Yes, there was a banking rally on Wednesday with KBW Bank (BKX) sector index rallying 14.6%, with Bank of America ((BAC), Fortune 500) and Citigroup ((C), Fortune 500) both jumping 31%. But a similar rally in late November quickly stalled and the index stagnated for a month before plunging once again at the need for yet more bailout funds.
In fact, was actually quite amusing that one of the reasons cited for the rally is the announcements by Bank of America and JP Morgan (JPM) executives that they’d purchased some of their own troubled equity issues. After receiving billions from the government, doesn’t it strike you as the height of outrageousness to suddenly announce a grand total of $12.7 million in stock purchases? Receive a dollar, invest a penny?
Perhaps the government would like to lend us a few billion so we can buy a few million in stock!
Is Anything Going Up?
In the spirit of Obama-style optimism however, we’d like to close out this report by pointing out that Diversified Consumer Services (up 11.0%) and Power Production & Energy Traders (up 1.3%) have been up since election day. (Just don’t ask about the other 63 sectors, however.)
Certain individual stocks in the Energy, Materials, Consumer Staples, Health Care, Utilities and Consumer Discretionary sectors have fared well since that date, however. (Table courtesy of Bespoke Investment Group)

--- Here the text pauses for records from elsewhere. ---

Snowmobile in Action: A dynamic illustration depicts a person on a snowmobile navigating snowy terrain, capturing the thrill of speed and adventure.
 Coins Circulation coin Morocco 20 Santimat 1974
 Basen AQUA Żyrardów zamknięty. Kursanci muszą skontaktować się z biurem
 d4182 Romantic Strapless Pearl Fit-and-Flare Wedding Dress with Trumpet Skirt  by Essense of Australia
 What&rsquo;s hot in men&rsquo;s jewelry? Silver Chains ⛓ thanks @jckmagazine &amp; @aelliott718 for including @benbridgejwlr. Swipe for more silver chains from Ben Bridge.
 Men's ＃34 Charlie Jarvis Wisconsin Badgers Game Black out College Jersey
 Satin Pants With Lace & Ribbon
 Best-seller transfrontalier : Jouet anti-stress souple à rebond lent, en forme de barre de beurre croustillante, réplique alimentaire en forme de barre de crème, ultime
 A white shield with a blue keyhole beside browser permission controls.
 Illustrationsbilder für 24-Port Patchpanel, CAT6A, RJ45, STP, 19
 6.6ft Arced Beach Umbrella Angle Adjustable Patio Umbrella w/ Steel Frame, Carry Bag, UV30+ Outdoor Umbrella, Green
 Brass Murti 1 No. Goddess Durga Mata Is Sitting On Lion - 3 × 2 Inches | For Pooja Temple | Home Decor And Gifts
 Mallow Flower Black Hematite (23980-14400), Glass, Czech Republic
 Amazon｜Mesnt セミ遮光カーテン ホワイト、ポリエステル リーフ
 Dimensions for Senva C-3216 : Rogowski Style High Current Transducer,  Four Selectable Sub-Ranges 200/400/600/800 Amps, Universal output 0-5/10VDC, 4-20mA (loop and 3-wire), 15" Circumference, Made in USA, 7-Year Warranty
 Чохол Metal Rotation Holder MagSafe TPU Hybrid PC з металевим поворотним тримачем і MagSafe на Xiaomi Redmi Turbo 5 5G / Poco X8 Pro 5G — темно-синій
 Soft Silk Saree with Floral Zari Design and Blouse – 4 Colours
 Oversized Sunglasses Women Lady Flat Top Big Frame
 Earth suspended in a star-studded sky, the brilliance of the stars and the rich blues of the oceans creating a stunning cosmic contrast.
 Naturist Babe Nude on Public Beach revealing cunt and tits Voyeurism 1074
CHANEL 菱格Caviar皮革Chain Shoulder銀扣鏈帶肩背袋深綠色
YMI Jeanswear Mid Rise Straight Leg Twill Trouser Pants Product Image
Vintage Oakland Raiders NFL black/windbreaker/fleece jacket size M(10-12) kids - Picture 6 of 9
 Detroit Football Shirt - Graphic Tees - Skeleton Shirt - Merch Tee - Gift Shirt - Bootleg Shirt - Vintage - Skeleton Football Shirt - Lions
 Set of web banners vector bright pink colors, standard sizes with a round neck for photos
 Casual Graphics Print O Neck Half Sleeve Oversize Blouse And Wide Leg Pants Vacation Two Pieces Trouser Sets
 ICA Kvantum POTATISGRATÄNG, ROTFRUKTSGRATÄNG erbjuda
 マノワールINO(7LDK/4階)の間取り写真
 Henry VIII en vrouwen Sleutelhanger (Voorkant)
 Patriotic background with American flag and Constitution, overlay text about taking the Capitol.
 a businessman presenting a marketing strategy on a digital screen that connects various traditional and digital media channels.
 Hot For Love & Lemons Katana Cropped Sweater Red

This would seem to confirm the growing idea that the only areas worth investing in are the areas which are basic, boring must-haves in day to day life. Consumer goods are not exactly the thing to get investors’ pulses racing, but if they’re losing less money than more exotic investment options, then these sectors are going to benefit from capital flows.
The problem with many of these consumer oriented companies, however, is that management knows they have what amounts to a sure thing and treats their investors accordingly. Don’t count on impressive dividends or shareholder relations from such companies.